You know that feeling of relief around 21 December, when from now on, the evenings are going to get lighter? Today I have a similar feeling as the nights start to draw in.
Don’t get me wrong, I love summer evenings – sitting with friends as the barbeque cools and the scents of the impending darkness fill the air, calling the children in from the far ends of the camp site as it approaches ten o’clock, coming home all nice ‘n’ lazy because it’s light and it will stay that way for – oooh – hours and hours. I luxuriate in the ease of summer.
But there’s another side (should I say a shadow side?) to the gloriously long evenings of June.
Why I feel relief at the summer solstice
What about the times when I’m tired or sad and all I want is to get home, have a bath and get into my pyjamas? It’s just not the same doing that in daylight.
What about the moments when I long to create a womb-like space in which to curl up, light a candle and pray? I need to do that all the year round but in summer there is often a dissonance between the callings of my inner world and the long, glaring hours of light.
I’m not complaining. One of the many things I enjoy about living in England is its climate and the contrast between its winter nights and summer days.

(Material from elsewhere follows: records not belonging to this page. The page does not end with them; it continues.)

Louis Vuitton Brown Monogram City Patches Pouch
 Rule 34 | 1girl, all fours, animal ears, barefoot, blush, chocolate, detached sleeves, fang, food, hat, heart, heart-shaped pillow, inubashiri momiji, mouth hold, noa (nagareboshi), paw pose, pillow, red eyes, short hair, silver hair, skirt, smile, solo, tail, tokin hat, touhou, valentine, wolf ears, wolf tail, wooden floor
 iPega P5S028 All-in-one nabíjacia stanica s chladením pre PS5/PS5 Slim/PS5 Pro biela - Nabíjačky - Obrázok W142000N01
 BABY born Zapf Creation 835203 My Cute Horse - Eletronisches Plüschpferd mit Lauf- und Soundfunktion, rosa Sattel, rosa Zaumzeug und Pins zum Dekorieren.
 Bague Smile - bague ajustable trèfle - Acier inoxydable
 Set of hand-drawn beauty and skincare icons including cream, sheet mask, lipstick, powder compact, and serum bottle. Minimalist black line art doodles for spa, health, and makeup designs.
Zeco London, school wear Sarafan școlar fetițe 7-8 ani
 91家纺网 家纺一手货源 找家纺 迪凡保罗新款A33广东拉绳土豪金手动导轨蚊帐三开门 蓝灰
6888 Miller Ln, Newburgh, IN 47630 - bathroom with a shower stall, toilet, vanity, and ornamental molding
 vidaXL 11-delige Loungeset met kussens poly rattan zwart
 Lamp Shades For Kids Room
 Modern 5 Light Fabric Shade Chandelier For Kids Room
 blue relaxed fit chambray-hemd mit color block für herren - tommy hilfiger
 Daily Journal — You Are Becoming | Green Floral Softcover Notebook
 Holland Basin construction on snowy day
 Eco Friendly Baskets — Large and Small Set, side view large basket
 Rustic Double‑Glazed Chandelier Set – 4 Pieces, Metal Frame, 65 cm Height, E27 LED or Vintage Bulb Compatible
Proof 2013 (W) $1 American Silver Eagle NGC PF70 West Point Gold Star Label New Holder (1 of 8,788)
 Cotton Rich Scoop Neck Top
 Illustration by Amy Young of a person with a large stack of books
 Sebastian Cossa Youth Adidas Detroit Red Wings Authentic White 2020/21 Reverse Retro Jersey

But as the year is poised on this, the summer solstice, I salute and welcome the start of the hemisphere’s descent into darkness, just as, in six months’ time, I will welcome its ascent into light.
I’m glad to read this and I agree. The natural historian and poet Kathleen Jamie has written well on the merits of darkness in Findings (2005)
I haven’t read Kathleen Jamie’s Findings but I shall look out for it now. Thank you, David.